In her most recent role at the Center for Advancing Innovation, she turned entrepreneur.
CAI, as it is known, pioneered a business accelerator that created companies by pairing federally sponsored technology developed at NIH and NASA with teams of scientists, engineers, successful entrepreneurs, attorneys and other business experts.
It put the teams through intensive boot camps and linked the most promising companies with investors. The results: 33 startups launched, 21 partnerships nurtured and recognition by the White House
Truman had a history of commercializing technology in corporate America, but starting her own company was an eye opener.
“When you’re an entrepreneur, you watch every penny and you work your buns off,” she said. And, critically, newly established concerns lack something their corporate peers don’t.
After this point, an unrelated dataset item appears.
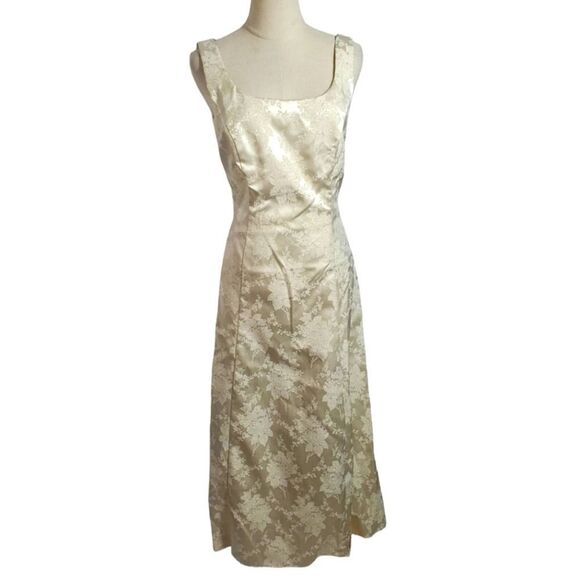 Jessica McClintock Gunne Sax Cream Sparkle Gown Maxi Dress - Picture 1 of 7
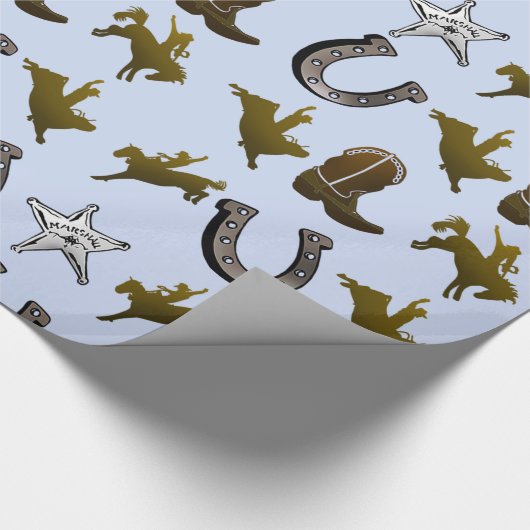 Old West Cowboy Rodeo Cadeaupapier (Hoek)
“The number one thing you have to create is your culture and your brand,” she said, calling the CAI experience something she would never regret.
At PNNL, she will build on existing pilot projects to continue the laboratory’s tradition of licensing technology with companies and incubating startups.
PNNL has signed 846 technology licenses in its history, and has created or enabled 179 companies that currently employ more than 1,500. It has been recognized by the Federal Laboratory Consortium for its technology transfer program.
Truman said the lab and the Tri-Cities have a strong foundation to support entrepreneurial startups. The technology developed at PNNL is equal to that coming out of NIH and NASA.
“Once you have the team and the invention together, you can create many connections,” she said.